The relationship ring 310 outside search rings 303 and 304 contains words describing the semantic relationships of the resulting terms to the original term. In the exploded detail included in
Because the terms themselves are derived from document clusters, the system exposes language (search terms) and therefore also areas of the search engine or database that the user would not ordinarily uncover. The coloring, including mixture, hue, and saturation of these terms, enables a subliminal, intuitive navigation to new and expanded search terms that in turn enable finding the desired results in the underlying search engine or database.
It is possible to map these term relationships to sounds in addition to or instead of colors. For a blind person or for telephone retrieval (including cell phones), as well as tv program guides, the sound and tone of a background music added or of the voice speaking each search term can correspond to the term's relationship to the central term. And, since there are so few relationships, the telephone keypad could be mapped to the corresponding navigation paths—2 could correspond to broader; 4 corresponds to synonyms; 6 is for related terms; 8 is for narrower. The other numbers are similarly a mixture of the types of relationship. So 1 would be both broader and synonymous; 3 would be both broader and related; 7 could be both narrower and synonymous, and 9 is both related and narrower. Color saturation, hue, and exact color mixture would correspond to corresponding aspects of the voice reading the term.

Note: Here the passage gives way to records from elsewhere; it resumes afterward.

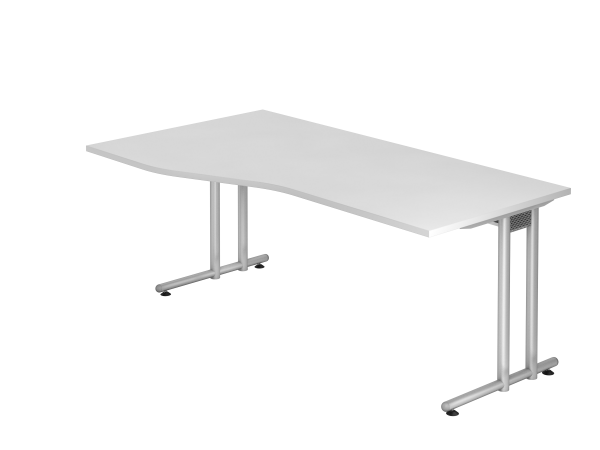 Schreibtisch NS18 C-Fuß 180x100 / 80cm Weiß Gestellfarbe: Silber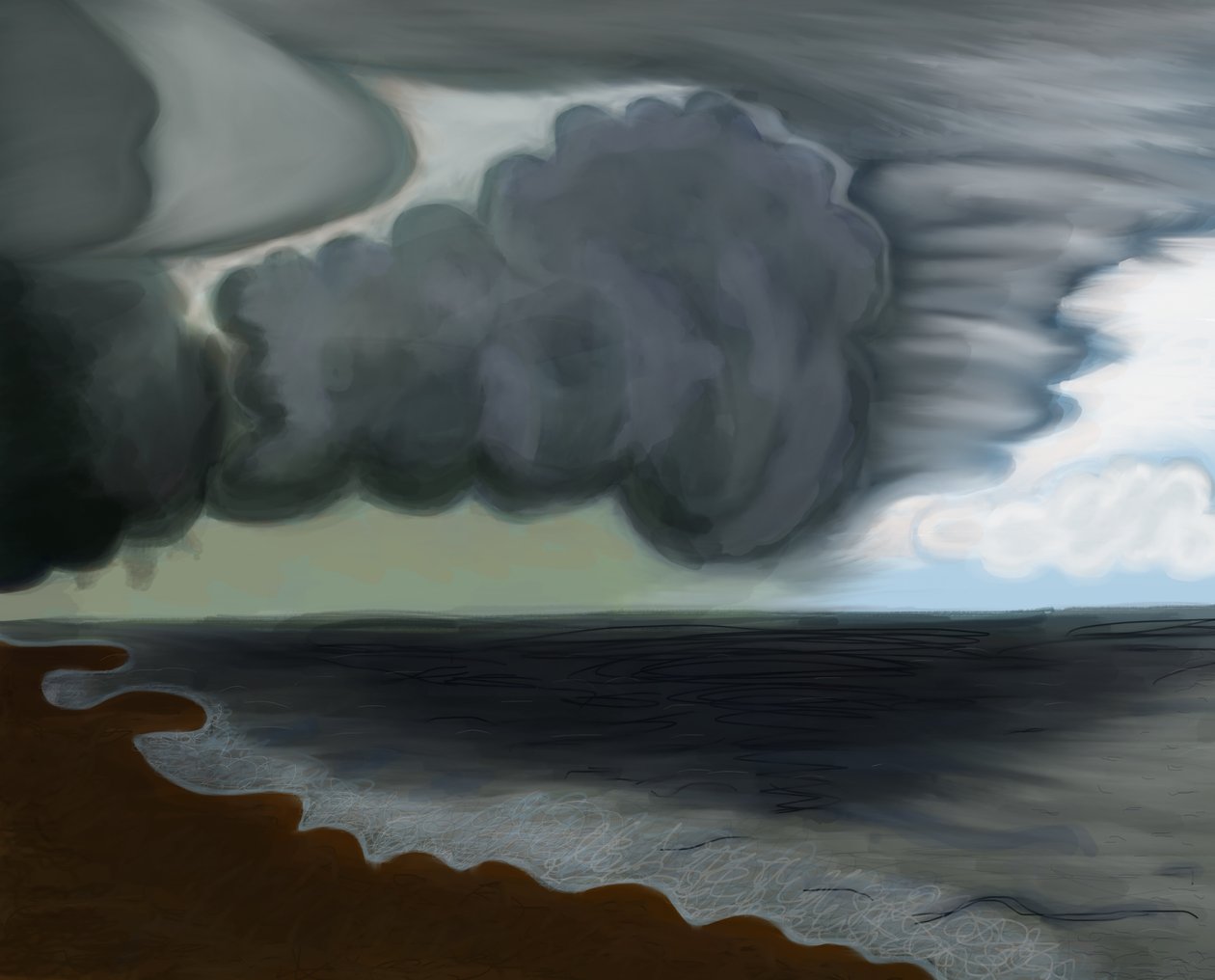 海にかかる大きな雲、2016年（iPadでApple pencilを使って手描きしたもの） 作： エヴァン・スクラー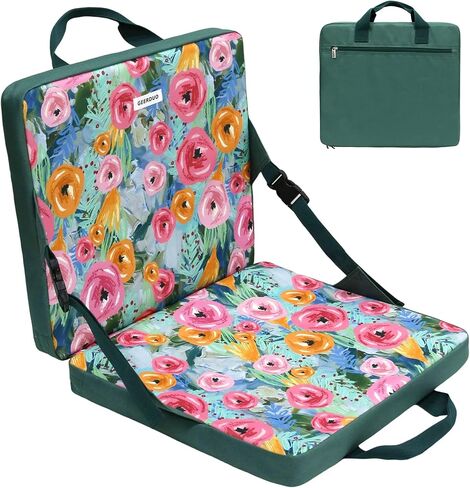 Portable Stadium Seat Cushion with Back Support - Waterproof Bleacher Pad for Sports Events, Camping, Concerts & Outdoor Activities (Floral Green) in Kuwait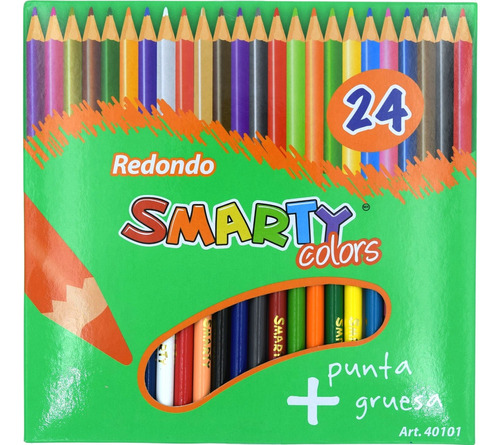 Lapices De Colores Smarty 24 Piezas Redondos Largos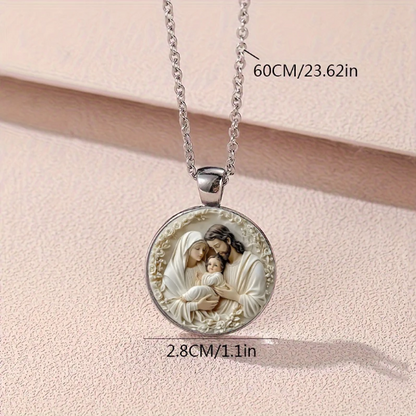 Holy Family Cameo Pendant Necklace — Catholic Saint Joseph, Blessed Mother and Infant Jesus
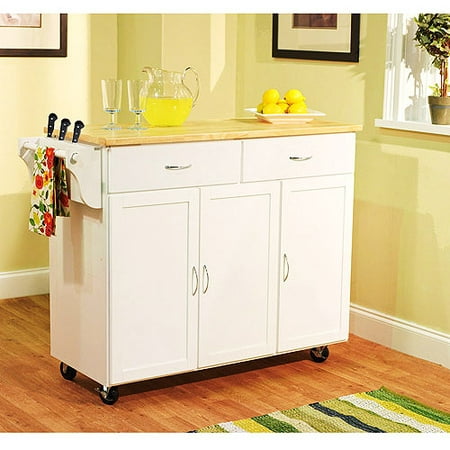 Extra Large Kitchen Island Cart with Wood Top with Three Door Storage Cabinet
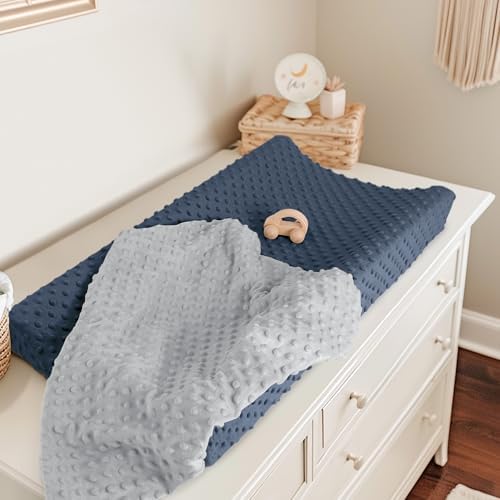 Two pack packaging of the unisex plush changing table covers in grey and blue
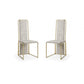 Set of Two Beige and Gold Upholstered Dining Side Chairs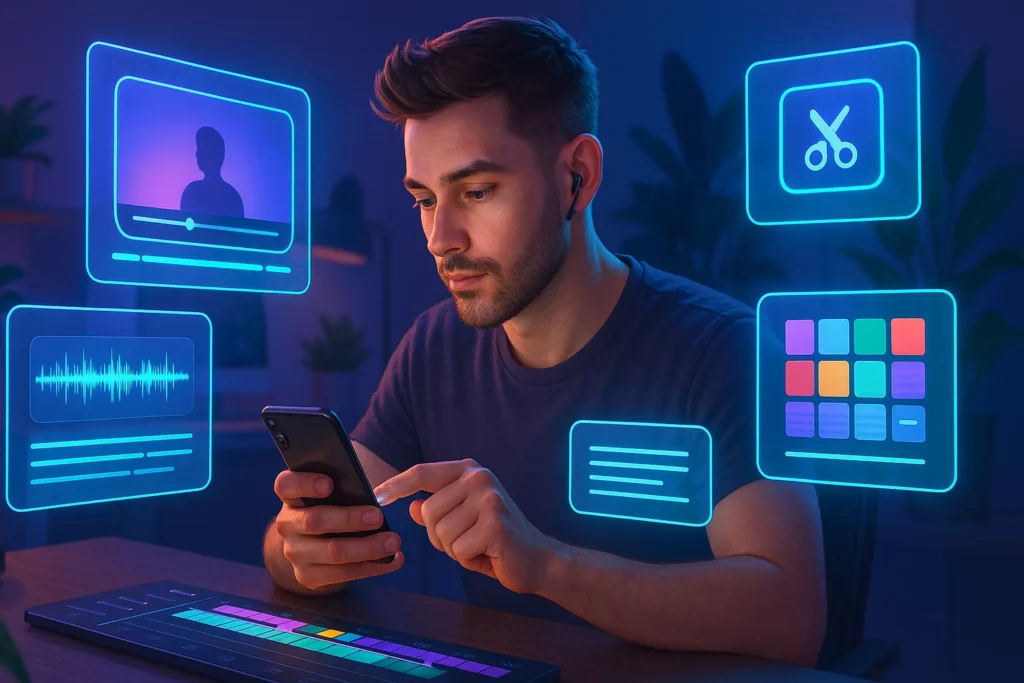 Criador digital editando vídeo no celular com painéis holográficos ao redor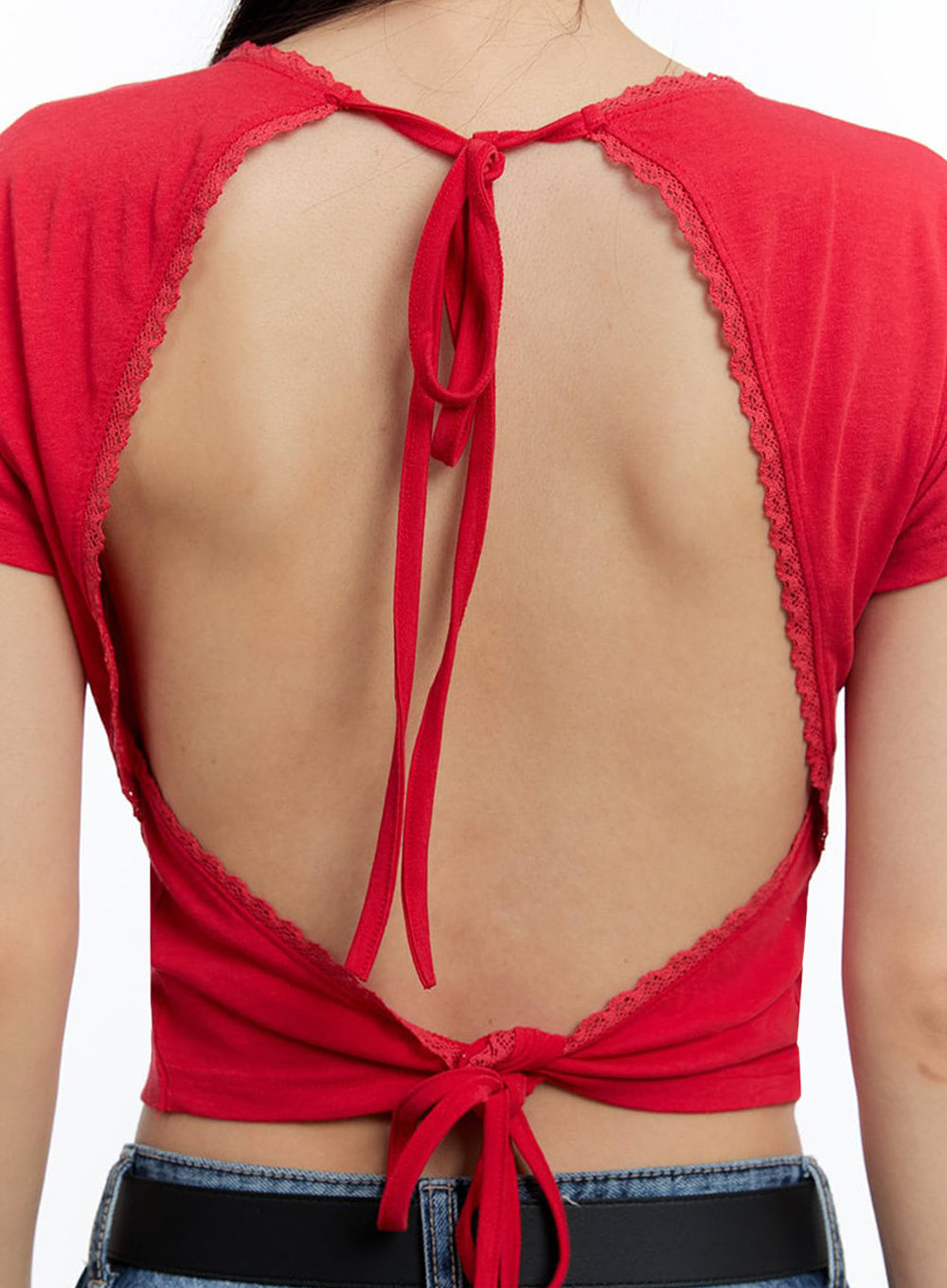 Lace Backless Crop Top IU503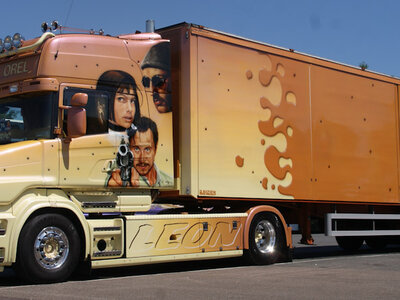 Tekno Tekno Scania 164/580 Torpedo 4x2 with 3-axle box trailer PIERRE OREL & FILS "LEON"
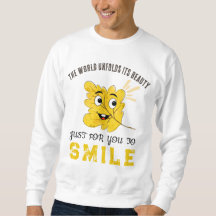The World Unfolds Its Beauty Smiling Leaf Crewneck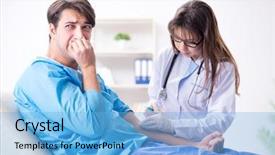  Presentation with ready - Presentation consisting of narcotic - scared patient man getting ready background and a light blue colored foreground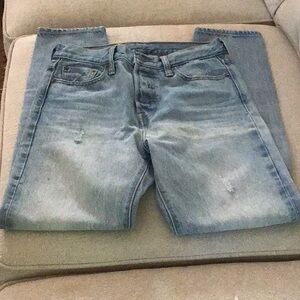 Levi Strauss Jeans Blue Distressed Button Fly 26
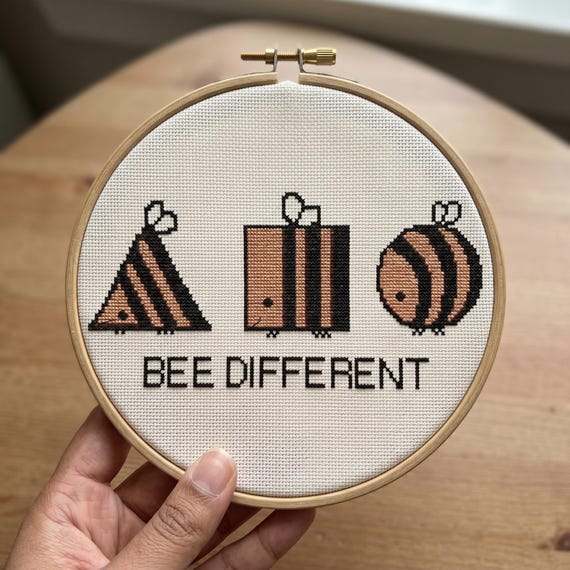 Bee Different Cross Stitch Pattern, Motivational Needlepoint, Instant Download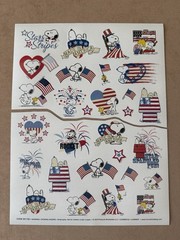 Charles M Schulz Peanuts Snoopy Patriotic July 4th Sticker Sheet Large Format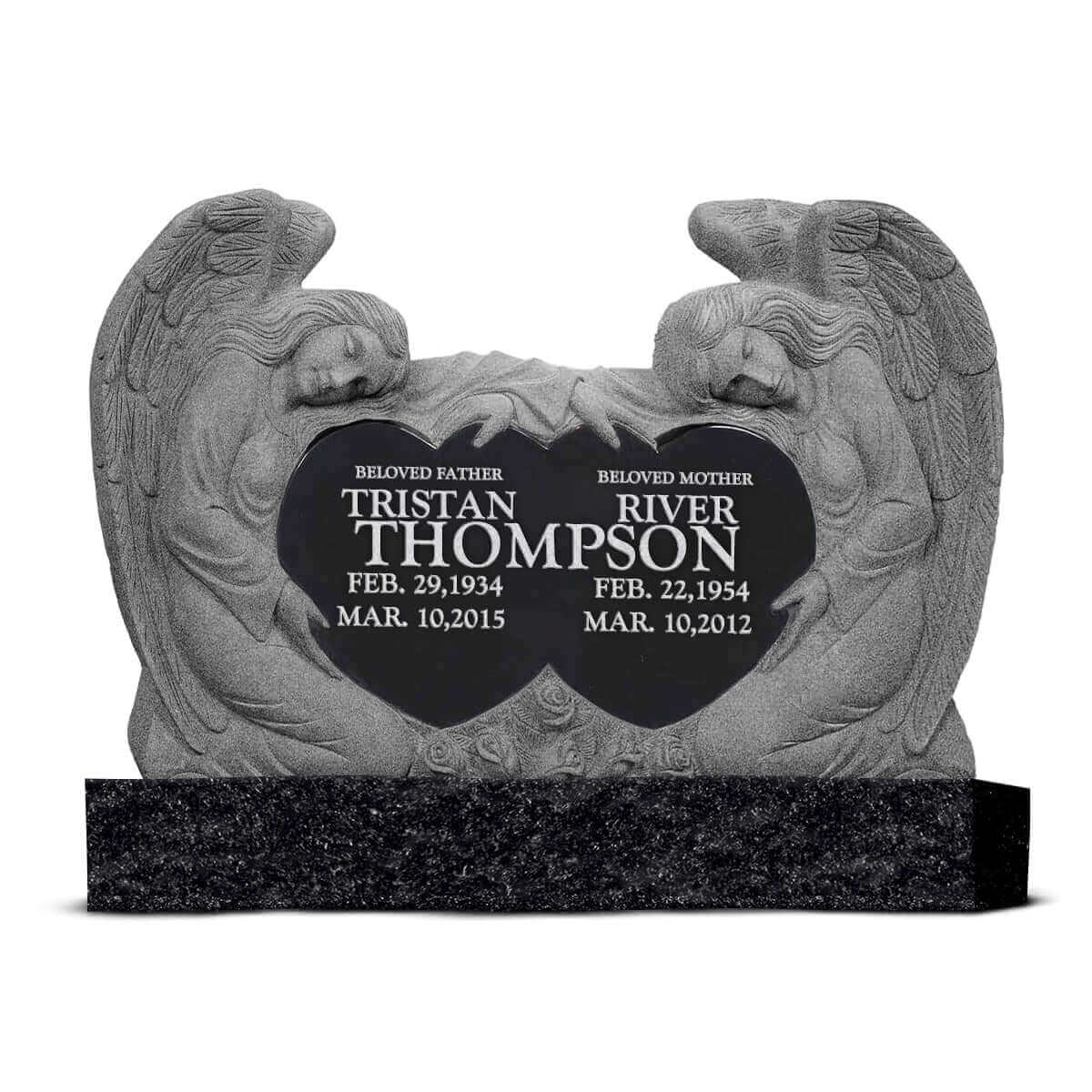 50″ x 8″ x 30″ Double Angel & Heart with 60” base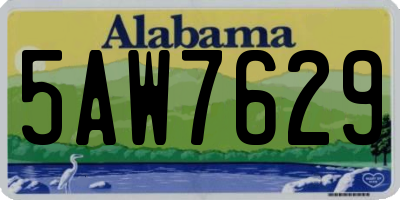 AL license plate 5AW7629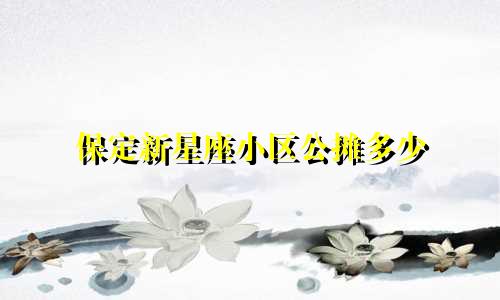 保定新星座小区公摊多少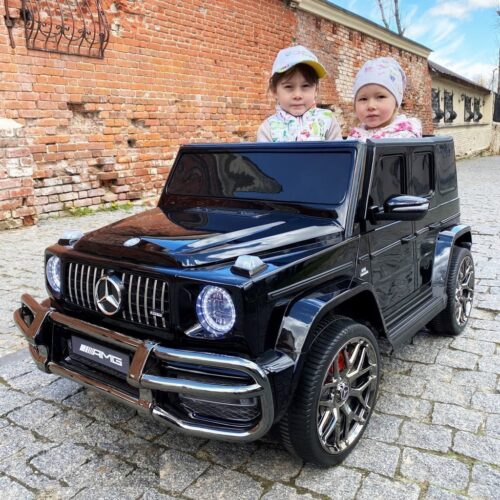 Masinuta electrica pentru copii cu 2 locuri, Mercedes AMG G63 NOU XXL 24V 200W 4×4 (s307) Negru metalizat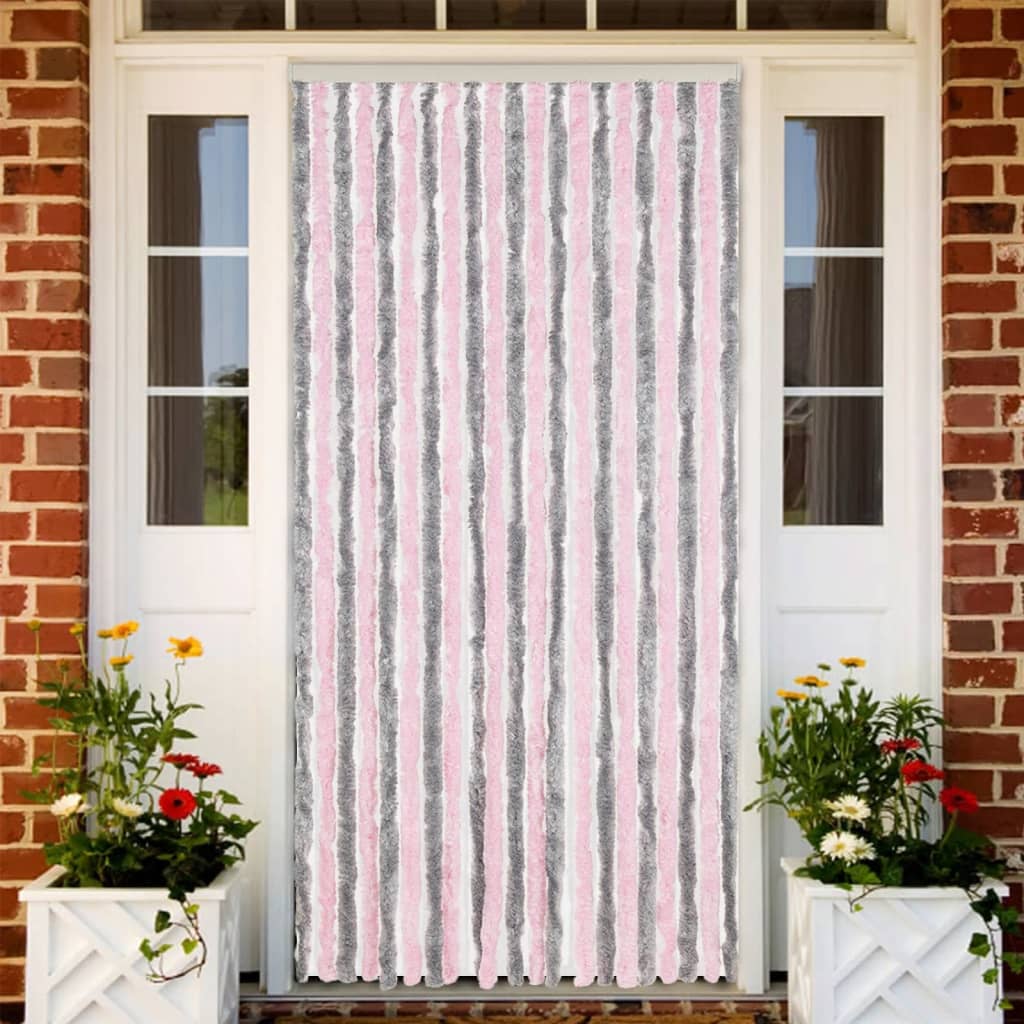 JUNG Vida Fliegenvorhang Silbergrau und Rosa 90x220 cm Chenille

The term relationships are derived from clusters of documents within the back-end search systems, not from a “pure” linguistic definition of the words and phrases composing the search terms. The search terms may appear to have widely varying linguistic meaning in a pure natural language sense; semantic document similarities of groups of documents that are similar to the top matches of the original search terms are used to derive terms that discriminate a different group of documents. The terms displayed in the surrounding rings discriminate these new groups (clusters) of documents, which would otherwise not be included as the result of searches from the original vocabulary of the search terms or as related to the documents the original terms retrieve.
These clusters can be automatically derived.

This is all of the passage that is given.